Advertising revenue for the traditional means of mass communication, television, radio and print, is declining, causing drastic page count reductions and staff cuts.  The major publications in the electronics industry are no exception.  Limited page counts, not to mention staff, makes it increasingly difficult for journalists to answer the question: Does the potential news affect a large enough audience to be worthy of coverage?

 

Currently, that means many startup companies are not going to get the attention they once received. The model for technology news coverage is still unsettled and it will be for some time to come. The question is, in the current landscape, what’s a startup to do to attract attention and reach its core customers?

 

Several new publications are springing up to fill the information gap.  One of those new kids on the block is New Tech Press, published by Footwasher Media in Redwood City, California.

 

The absence of traditional advertising makes New Tech Press different from other publications [OR: New Tech Press differs from other publications in its lack of traditional advertising].  Instead, the companies New Tech Press covers support the publication’s content.  That content is designed to provide information about small technology companies with under $50 million in revenue.  Intel and Microsoft will never be covered in this publication.  New Tech Press is specifically focused on the areas of EDA, fabless semiconductor, embedded technology and alternative energy.

 

“Most industry publications focus primarily on the big guys – and let’s face it, to survive, publications have to cover news that’s important to the largest portion of their readers,” said Lou Covey, editorial director for New Tech Press. “Then there are ‘industry telephone poles,’ where people can post pretty much whatever they want.  But readers want objective news and analysis and they are not being provided to the small companies of the industry right now.

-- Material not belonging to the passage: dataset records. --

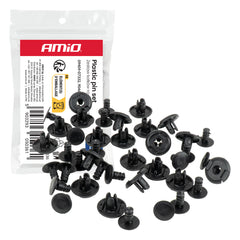 Set van 20 kunststof expansieclips, 10 mm lang en 6,5 mm in diameter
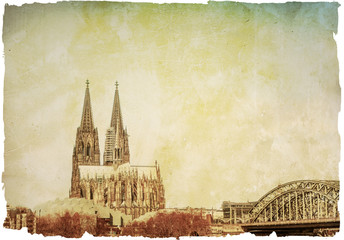 Vintage view of Gothic Cathedral in Cologne,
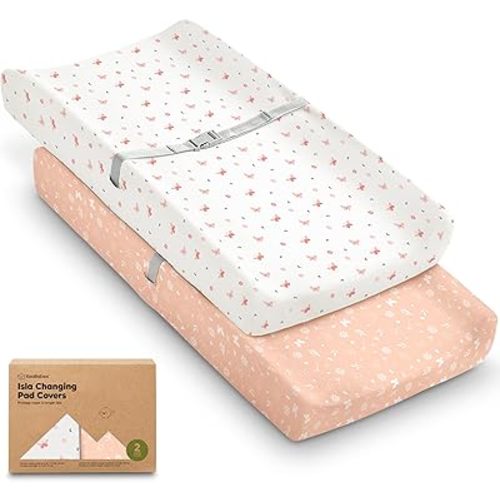 2-Pack Baby Changing Pad Cover for Girl, Boy, 34x18 (Butterflies)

That’s a large underserved market.”

 

Covey said New Tech Press focuses specifically on that market.  “Our content is 100% original and objective.  We are nearly the only place left where small technology companies can get independent, third-party validation from well-known, respected journalists.”

 

Not everyone is convinced that New Tech Press can remain objective with its content being sponsored by the companies it covers.  Mike Santarini, senior editor at EDN, expressed his doubts in a September blog.  Freelancer Peggy Aycinena followed up in her blog that same month with a blunt, “Nobody will be mistaking that coverage for independent editorial content.”

 

It is notable that their comments came weeks before New Tech Press produced its first issue.

 

“I understand the skepticism,” Covey responded. “We’re trying to establish a new way of doing things and not everyone is quick to embrace new ideas, but we believe there is room for the way it’s always been done, and also for something else.

 

Covey described that new way as “objective advocacy,” a phrase New Tech Press is trademarking.  He said the sponsors of the publication obviously benefit directly from the coverage, but if the articles are not objective, then they add no value to the market conversation. “The success of New Tech Press depends upon the truth,” Covey countered.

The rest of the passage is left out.